OPERA 2.6 command line parallel version crashing
rvaidya opened this issue · comments
Hi Kamel,
The command line parallel version of OPERA 2.6 is crashing for an input that works with the normal version:
INFO: Adding explicit H false
Aug 22, 2020 6:14:08 AM net.guha.apps.cdkdesc.CDKdescBatch batchDescriptor
INFO: Will evaluate 50 descriptors
Aug 22, 2020 6:14:08 AM net.guha.apps.cdkdesc.CDKdescBatch batchDescriptor
INFO: Got 50 descriptor instances
Exception in thread "main" java.lang.NullPointerException
at net.guha.apps.cdkdesc.CDKDescUtils.isSMILESFormat(CDKDescUtils.java:74)
at net.guha.apps.cdkdesc.CDKdescBatch.batchDescriptor(CDKdescBatch.java:227)
at net.guha.apps.cdkdesc.CDKdesc.main(CDKdesc.java:510)
Aug 22, 2020 6:14:08 AM net.guha.apps.cdkdesc.CDKdescBatch batchDescriptor
INFO: output: CDKtemp/CDKDesc_8_temp.csv
Aug 22, 2020 6:14:08 AM net.guha.apps.cdkdesc.CDKdescBatch batchDescriptor
INFO: type: all
Aug 22, 2020 6:14:08 AM net.guha.apps.cdkdesc.CDKdescBatch batchDescriptor
From using CDK, I know that it is not thread safe - does it need a lock around CDK functionality?
Actually, I'm getting crashes sometimes in the standard version too, but during PaDEL descriptor calculation:
PaDEL calculating 2D descriptors...
Exception in thread "Thread-113" java.lang.NullPointerException
at org.openscience.cdk1.qsar.AtomValenceTool.getValence(AtomValenceTool.java:95)

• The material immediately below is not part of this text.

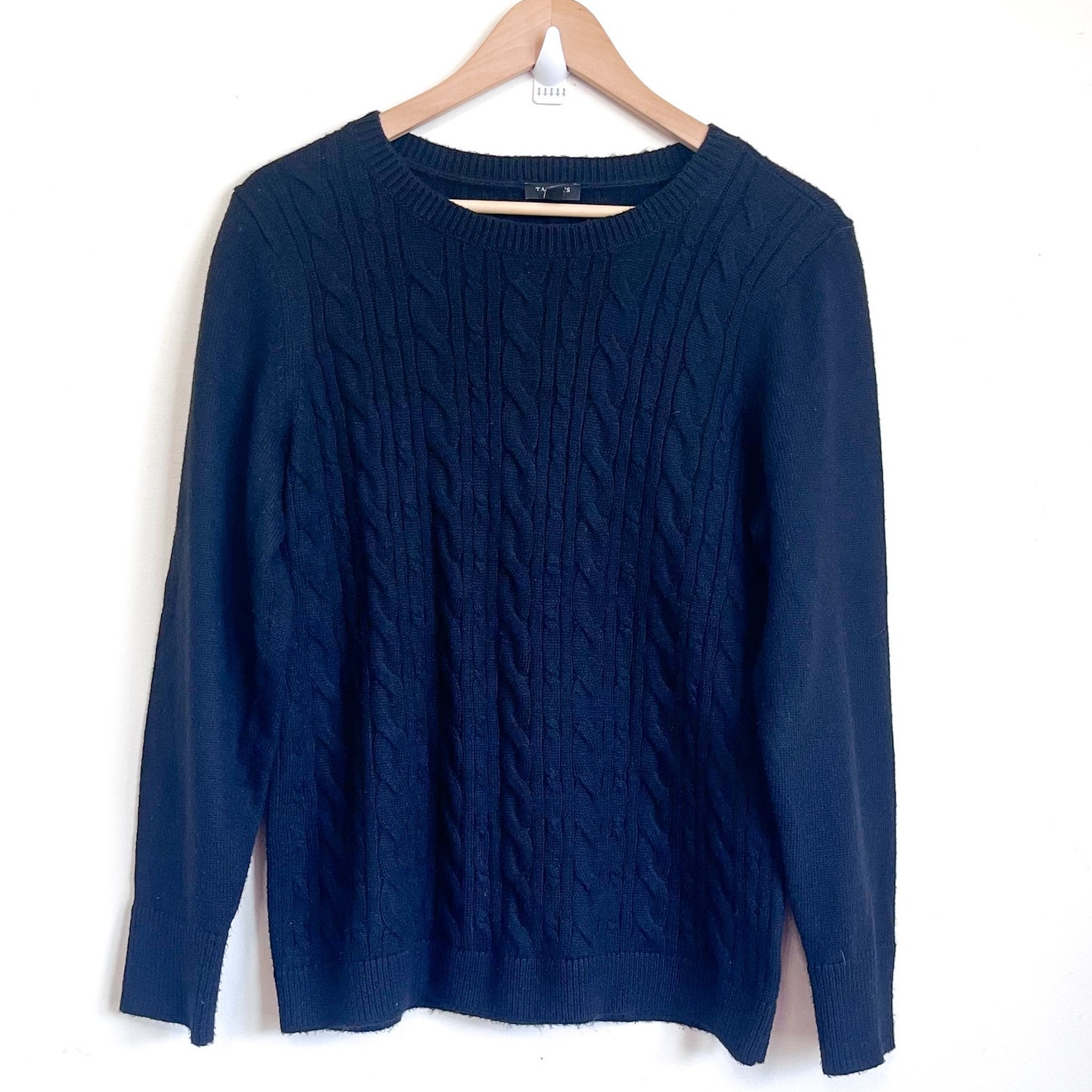 Talbots Cable Knit Womens Sweater Size Lp Black Preppy Academia Minimalist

at libpadeldescriptor.ExtendedTopochemicalAtomDescriptor.calculate(Unknown Source)
at libpadeldescriptor.CDK_Descriptor.run(Unknown Source)

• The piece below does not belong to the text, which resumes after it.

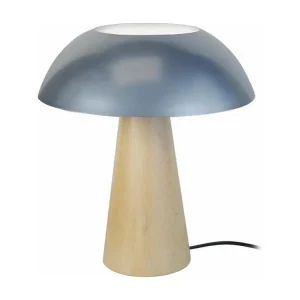 Socle en céramique Lampe poser conique bois naturel,aluminium 35 cm.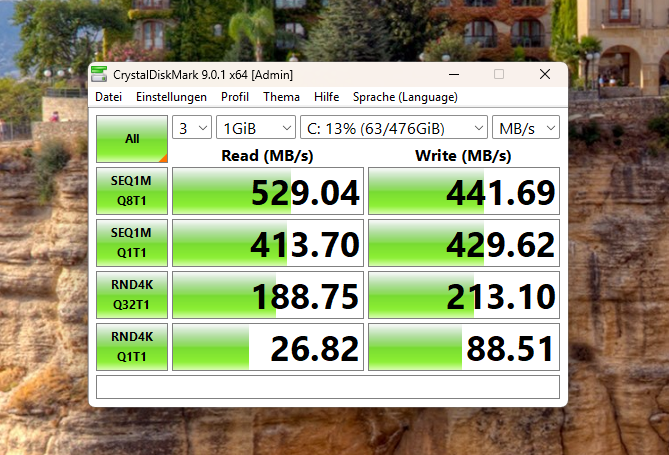 Test Peladn WO4 5600H Crystaldiskmark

Exception in thread "Thread-112" java.lang.ClassCastException: org.openscience.cdk1.qsar.result.DoubleArrayResult cannot be cast to org.openscience.cdk1.qsar.result.DoubleResult
at libpadeldescriptor.EStateAtomTypeDescriptor.calculate(Unknown Source)
at libpadeldescriptor.CDK_Descriptor.run(Unknown Source)
Exception in thread "Thread-107" java.lang.NullPointerException
at org.openscience.cdk1.qsar.AtomValenceTool.getValence(AtomValenceTool.java:95)
at libpadeldescriptor.PaDELChiIndexUtils.getValenceElectronCount(Unknown Source)
at libpadeldescriptor.PaDELChiIndexUtils.evalValenceIndex(Unknown Source)
at libpadeldescriptor.PaDELChiPathDescriptor.calculate(Unknown Source)
at libpadeldescriptor.CDK_Descriptor.run(Unknown Source)
Exception in thread "Thread-104" java.lang.NullPointerException
at org.openscience.cdk1.qsar.AtomValenceTool.getValence(AtomValenceTool.java:95)
at org.openscience.cdk1.qsar.descriptors.molecular.ChiIndexUtils.getValenceElectronCount(ChiIndexUtils.java:182)
at org.openscience.cdk1.qsar.descriptors.molecular.ChiIndexUtils.evalValenceIndex(ChiIndexUtils.java:169)
at org.openscience.cdk1.qsar.descriptors.molecular.ChiChainDescriptor.calculate(ChiChainDescriptor.java:198)
at libpadeldescriptor.CDK_Descriptor.run(Unknown Source)
Descriptor calculation completed in 0.240 secs . Average speed: 0.24 s/mol.
PaDEL descriptors calculated for: 1 molecules.
It looks like the first crash might only happen when number of inputs is < than the number of workers.
Thank you Rahul,
The parallel version is only recommended for 5000 chemicals or more at a time, as mentioned on the releases page. But of course, it'll work within your computational resources. So if you run 50,000 with limited RAM it'll crash.
The second example does not seem like a crash to me. If you ran one molecule, it seems that the calculation is finished. Some of the descriptors throw exceptions sometimes. If you don't like to see the full output you should use verbose mode "1" minimum or "0" silent. I hope this helps.